Sooner or later, every man realizes there’s a void deep down inside their soul. There’s nothing in this world that can fill it.-- Faith of Our Fathers
The latest film from Pure Flix, Faith of Our Fathers is the story of two timelines and the way they intersect through handwritten letters. But unlike other stories that hinge around that motif, this is a story for men, for husbands, for fathers, and for sons. This is the story of Vietnam, of absentee fathers, and sons who must find their own way through life and faith.
John Paul George (Kevin Downes) is driven, just weeks before his wedding, to find out whatever he can about his father, who died in the Vietnam War. His quest leads him to Wayne (David A.R. White), the son of one of his father’s fellow soldiers. The two men could not be more opposite: John Paul is the wiser of the two, but still aimless and adrift, while Wayne is headstrong, impetuous, and aggressive. Their meeting is explosive – and hilarious. What would be just a dramatic story of learning and transformation quickly becomes a comedic, odd couple narrative as well, broadening the way that the audience sees the film.
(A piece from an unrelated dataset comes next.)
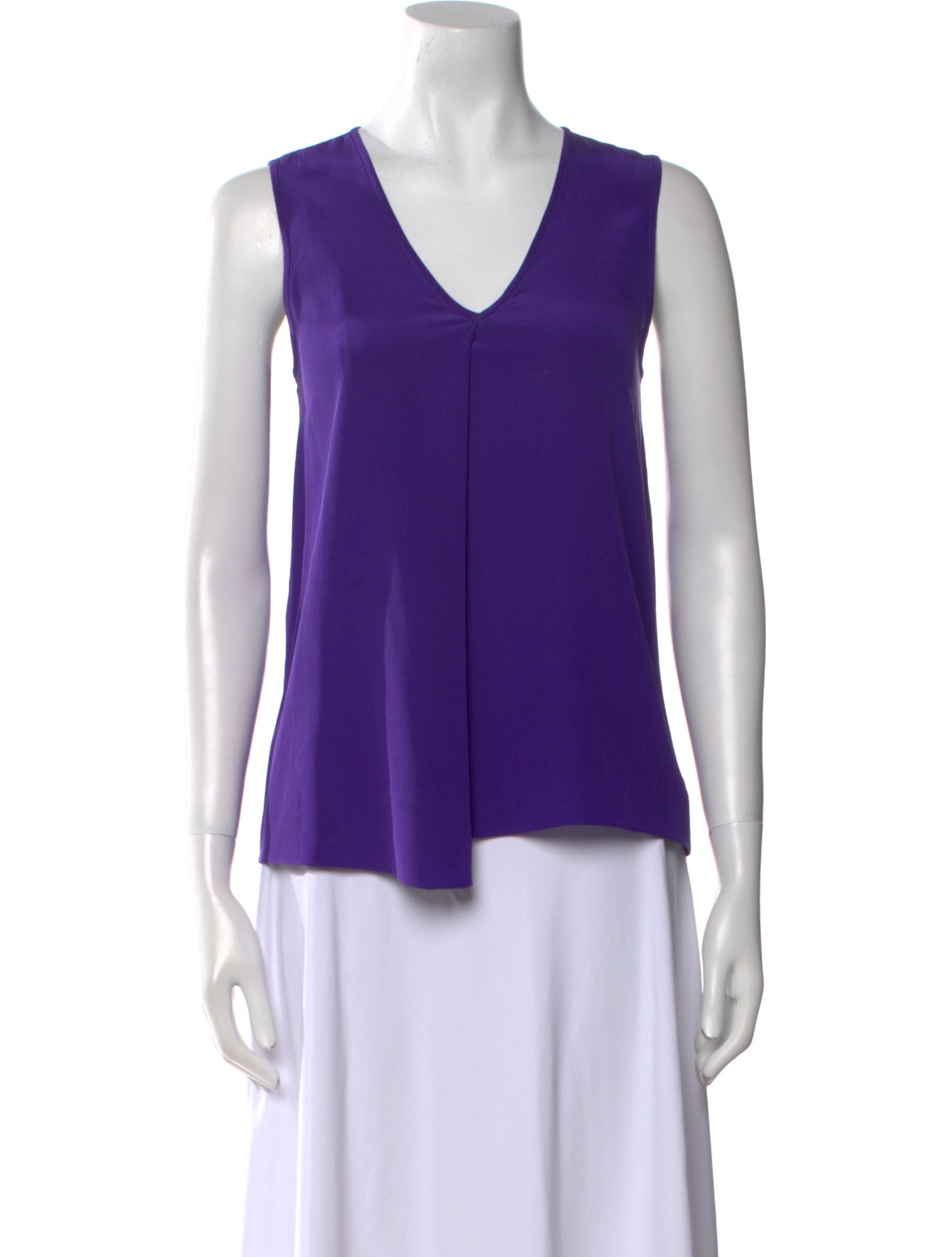 Tibi Silk V-Neck Top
The two sons decide that they should journey together to find out more about the fathers who they never knew. John Paul genuinely wants to know more, while Wayne is happy to ransom their fathers’ letters to Wayne, one by one, in exchange for financial support. Neither of them can quite explain the power that the contents of the letters have on them, and neither one knows just what is coming as they read them aloud, on the way to the Vietnam Veterans Memorial.
Along the way, John Paul and Wayne encounter serious troubles, from a car-napping to arrest, from emotional struggles to accidental mishaps. There’s a careful blend of humor and heartfelt drama running through the film thanks to the writing of Carey Scott and Downes. It’s laugh out loud funny, but it has a bite to it, too, mostly due to the inner anger that Wayne carries on the outside. We may know intellectually that sons and daughters need fathers and mothers, but Faith of Our Fathershighlights the damage that occurs when a son or daughter is left to fend for themselves.
Ultimately, the time frames bounce back and forth between the present day lives of these two men and the lives of their fathers in the jungles of Vietnam. We see the wrestling match between John Paul’s faithful father and Wayne’s skeptical one, and the way that their foxhole struggles accelerate their conversation about God’s love for them both. It precipitates some conversations between the two present day sons along the way, but nothing like what will happen as they confront the past. Thanks to an unexpected collision with a connection to their fathers, the sons find themselves facing eternity.
In a film that celebrates the sacrifice of the men and women who have served the United States by living and dying in uniform, there is a definitive strain of faith that asks us to consider whether or not we know that we’re loved by the God of the universe. Reverend William T. Cummings said in Bataan, “There are no atheists in foxholes.” What Faith of Our Fathersdoes beautifully is to show that not all foxholes are on the battlefields of war. Many of them are in our homes, in our communities, in our schools, and in our places of work. But we need to recognize that God is present in the midst of all of those holes, and God is calling us to a loving relationship, built on repentance and forgiveness.
Head to the theater and check out this action dramedy. It will increase your appreciation for those who protect our freedom, and ask you to consider whether you are committed to sharing the good news of Jesus Christ with those in foxholes all around you.